No puedo moverme. Contemplo, como si no fuera mía, mi mano colgante. No reconozco la tela de mi traje. ¿Quién me ha quitado, mientras dormía, mi dia­dema de cabellos, arrollados en mi frente como las trenzas de una Ceres grave y juvenil? Estaba... es­taba... Un jardín, el cielo color de melocotón son­rosado a la puesta de sol, una voz infantil, aguda, que responde a los piídos de las golondrinas... Sí, y ese rumor de agua lejana, ya vigoroso, ya apagado: la brisa del bosque. Había regresado al principio de mi vida. ¡Tanto camino por recorrer hasta llegar aquí! Llamo al sueño que ha huido, a la oscura cor­tina que me protegía y que acaba de apartarse de mí, dejándome estremecida y como desnuda. Los en­fermos que se creen curados conocen estas recaídas de la enfermedad; los encuentras puerilmente sor­prendidos y quejumbrosos: "¡Si creía que se había acabado!" No me costaría mucho gemir en voz alta, como ellos.

Un sueño demasiado dulce y funesto que en menos de una hora borra el recuerdo de mí misma. ¿De dónde regreso y sobre qué almas, para que acepte tan lentamente, humillada, exilada, ser yo misma? Renée Néré, bailarina y mima. ¿Esta es la meta que prepararon mi infancia orgullosa y mi adolescencia recogida, apasionada, que tan intrépidamente acogió al amor?

¡Oh, Margot, mi desalentadora amiga, por qué no tendré fuerzas para levantarme y correr junto a ti, y decirte...! Pero tú sólo apreciarás mi valor, y no me atrevería a desfallecer delante de ti. Me parece que tu mirada varonil, la presión de tu manita seca, cortada por el agua fría y el jabón ordinario, saben recompensar mejor mi triunfo sobre mí misma que ayudar en mi cotidiano esfuerzo.

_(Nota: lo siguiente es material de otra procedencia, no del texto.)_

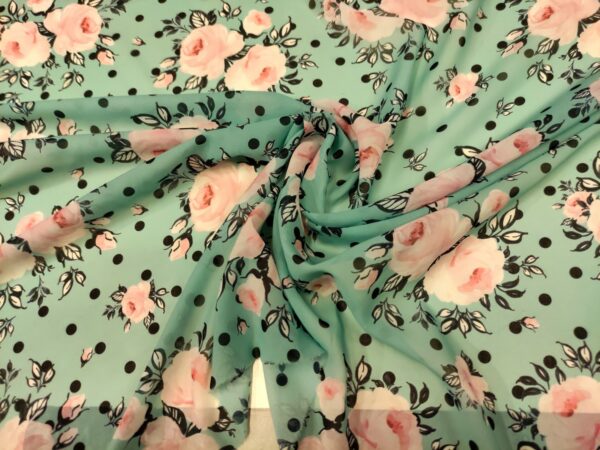 Tessuto Chiffon a fantasia motivo pois acquamarina - rosa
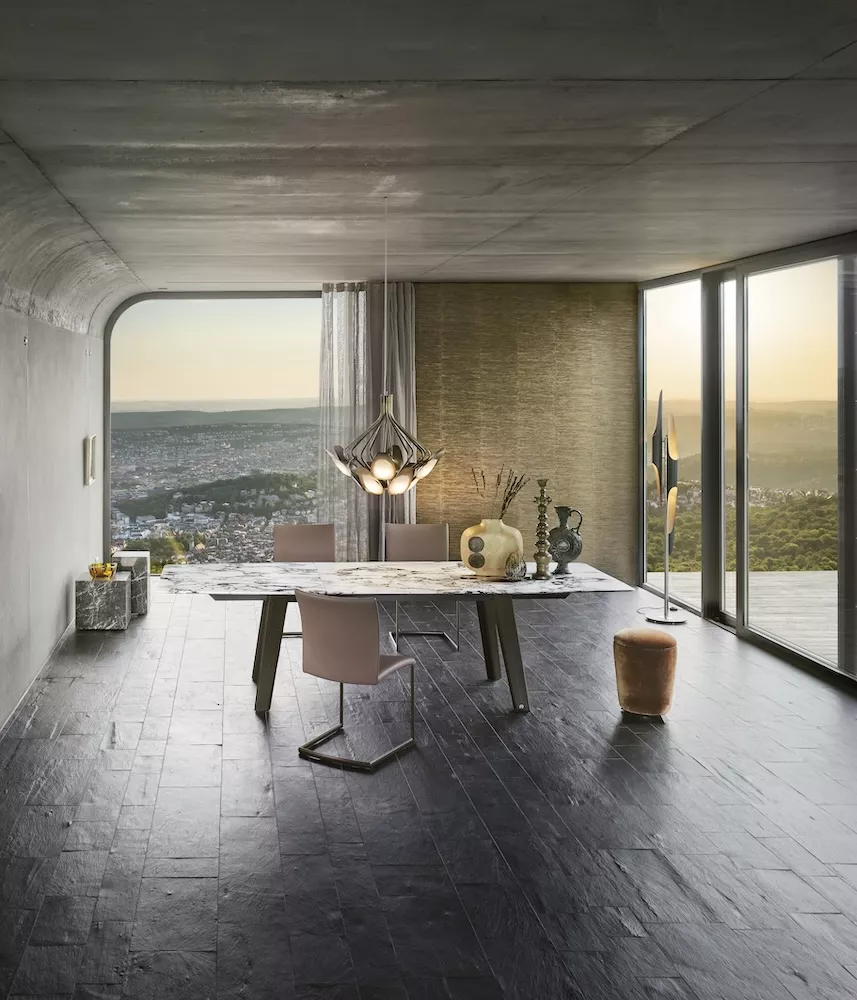 Esszimmer mit Fontana Tisch von Draenert und modernen Stühlen in einem stilvollen Raum mit Panoramablick auf die Stadt bei Sonnenuntergang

¿Mi próxima partida? ¿La libertad? ¡Bah! La liber­tad sólo es verdaderamente deslumbrante a princi­pios del amor, del primer amor, el día en que se puede decir, ofreciéndola a quien se ama: "¡Tómala, quisiera poder darte más!"

Ciudades nuevas, países nuevos, entrevistos apenas, rozados, que se esfuman en el recuerdo. ¿Existen tie­rras nuevas para quien da vueltas como un pájaro sujeto por un hilo? Mi pobre vuelo, reanudado cada mañana, ¿no abordará cada noche, fatalmente, al "local de primer orden" que me alaban Salomón y Brague?

¡He visto ya tantos locales de primer orden! Banda del público: una sala cruelmente inundada de luz donde el pesado humo apenas si amortigua el oro de las molduras. Lado de los artistas: unos cajones sórdidos, sin aire, y la escalera de hierro que va a parar a inmundas letrinas.

Así, pues, ¿durante cuarenta días habrá que soste­ner esa lucha contra la fatiga, la mala voluntad zum­bona de los tramoyistas, el orgullo rabioso de los jefes de orquesta provincianos, la comida insuficiente de los hoteles y estaciones? ¿Tendré que encontrar y renovar incesantemente en mi interior ese tesoro de energía que reclama la vida de los errantes y los so­litarios? ¿Tendré que luchar, finalmente —¡ah, no iba a olvidarlo!— contra la misma soledad...? ¿Y para llegar a qué? ¿A qué? ¿A qué?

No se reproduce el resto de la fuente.